Wang, et al. [18], an approach to machine learning for detecting Cross-site Scripting in social 
networks was discussed. They manually removed the characteristic features of the web pages; categorized 
them into distinct four groups with each group comprising multiple attributes, where three of them are then 
associated with an online social network; also, adaptive boosting (AdaBoost) was utilized, and a 10-fold 
cross-validation ADTree algorithms; using AdaBoost, the highest recorded values of 0.941 precision value 
and 0.939 recall value were realized. These results depicted a false-positive rate of 4.20%, high, and a 
shallow detection rate. 

Fang, et al. [19], an approach called deep XSS was used for the detection of cross-site scripting 
(XSS) based on deep learning. This approach, which entails decoding, generalization, and tokenization 
techniques, was examined. First of all, word2vec, an extraction application, was used to extract the XSS 
payloads features. These Cross-site Scripting payloads captured word order information, and each payload 
was linked to a characteristic vector. Using recurrent neural networks from long short-term memory (LSTM), 
the detection model was trained and tested. Using this approach, the experimental results showed a precision 
rate of 99.55% with a recall rate of 97.9% and an F1 score of 98.7%. Nonetheless, the webpage contained 
JavaScript and HTML code, which are principally sub-standard encoding; hence, word vectors' adoption 
made the training process too time-consuming and tedious. Their research was not extended to detection in 
real-time, either. 

Goswami, et al. [20] examined a method of XSS attack detection based on the clustering of 
unsupervised attributes, using the Monte Carlo cross-entropy algorithm as the aggregation of ranks. This 
method was used to classify clusters into two classes, namely, malicious scripts and benign scripts. This 
method initially utilized a certain degree of heterogeneity for XSS vulnerabilities tests on the client. If the 
tests exceeded a given threshold value, the request is jettisoned. Otherwise, the request is forwarded to the 
proxy for additional processing. One downside of this approach is identifying client and proxy servers, 
thereby lacking flexibility in its mode of operation. Furthermore, the method interferes with system usage. 


3. MATERIALS AND METHOD 
3.1. Deep learning methods 

The research method, the design and development of the deep learning model, and the tool 
employed in building the cloud-hosted web application are all discussed in this section. The primary aim, as 
earlier specified, is the development and implementation of a prototype of a model that can perform real-time 
detection of XSS attacks for cloud-based web applications that utilize deep learning to ensure a secured 
system. This section offers an overview of the proposed method and adapted framework used to implement 
the model, a detailed overview of the model architecture, and finally, the system's design and analysis. For 
this research, deep belief network (DBN), MLP, and LSTM deep learning models will be adopted. 

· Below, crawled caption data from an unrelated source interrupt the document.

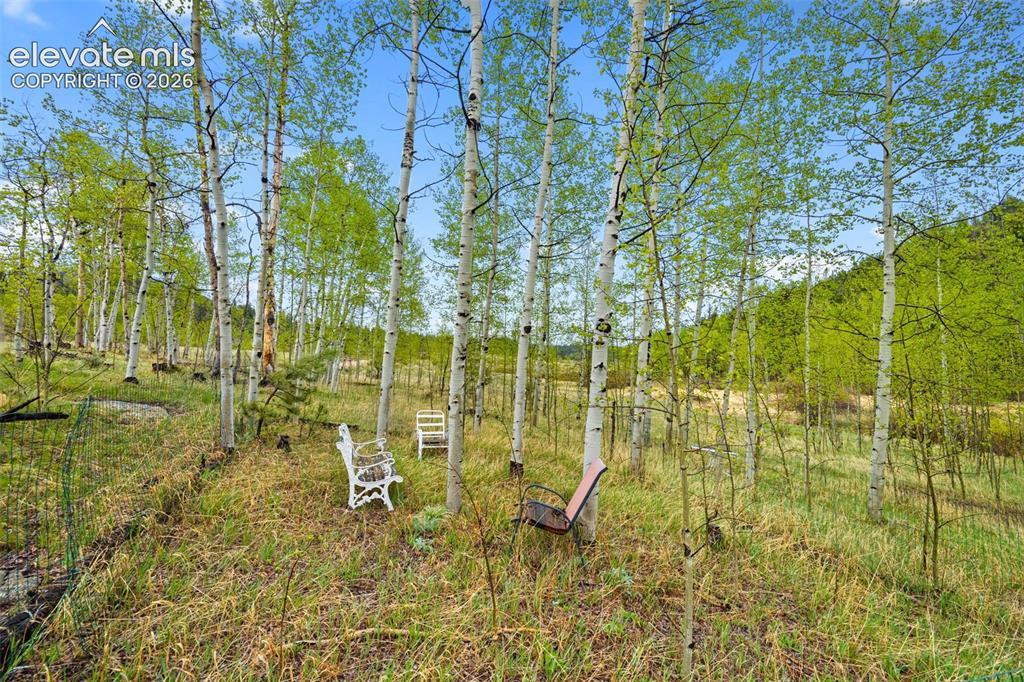 522 Hidden Valley Drive Lake George CO 80827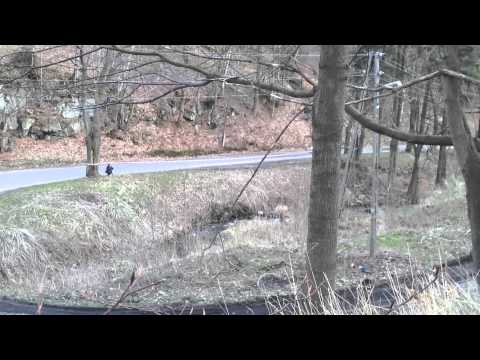 Skoda Fabia WRC J.Ptaszek D. Leśniak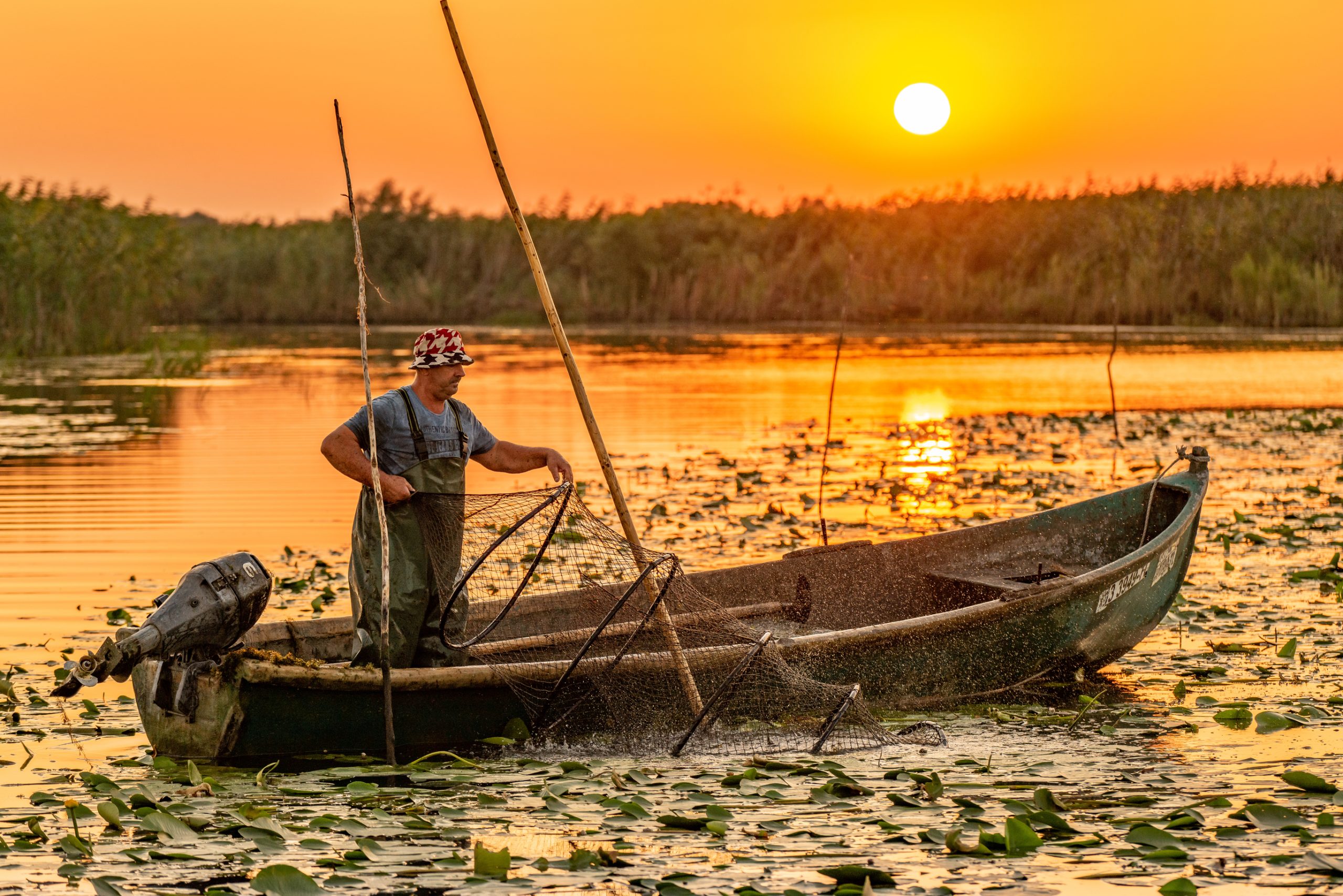 permise de pescuit în Delta Dunării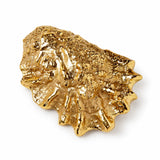 Oyster Bottle Opener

— LSTM: has distinct units in the recurrent hidden layer referred to as memory blocks [21]. It is used to 
decide when to let the input enter the neuron, remember what was computed in the previous timestamp, 
and let the output pass on to the next timestamp [12], [21]. 

— DBN: is made up of a visible layer that corresponds to the inputs and many hidden layers that correspond 
to latent variables [22]. DBN training is conducted layer by layer; therefore, every layer is treated as a 
Restricted Boltzmann machine, which is trained on top of the previous layer that was trained [12], [23]. A 
DBN may also be advanced for cataloging problems under supervised learning [22]. Similar NLP related 
tasks, for example, classification of text, are performed by DBN models. The models can learn multiplex 
features within hidden layers and gather more compound functions, which are then used for data 
demonstration [24]. DBN uses RBM for planning [23]. 

— Multi-layer perceptron (MLP): is a neural feed-forward network with many hidden (multi-layer) layers. 
Hidden layers in MLP are fully connected, i.e., each node in each layer is associated with a specific 
weight to each node of the layer below [25], [26].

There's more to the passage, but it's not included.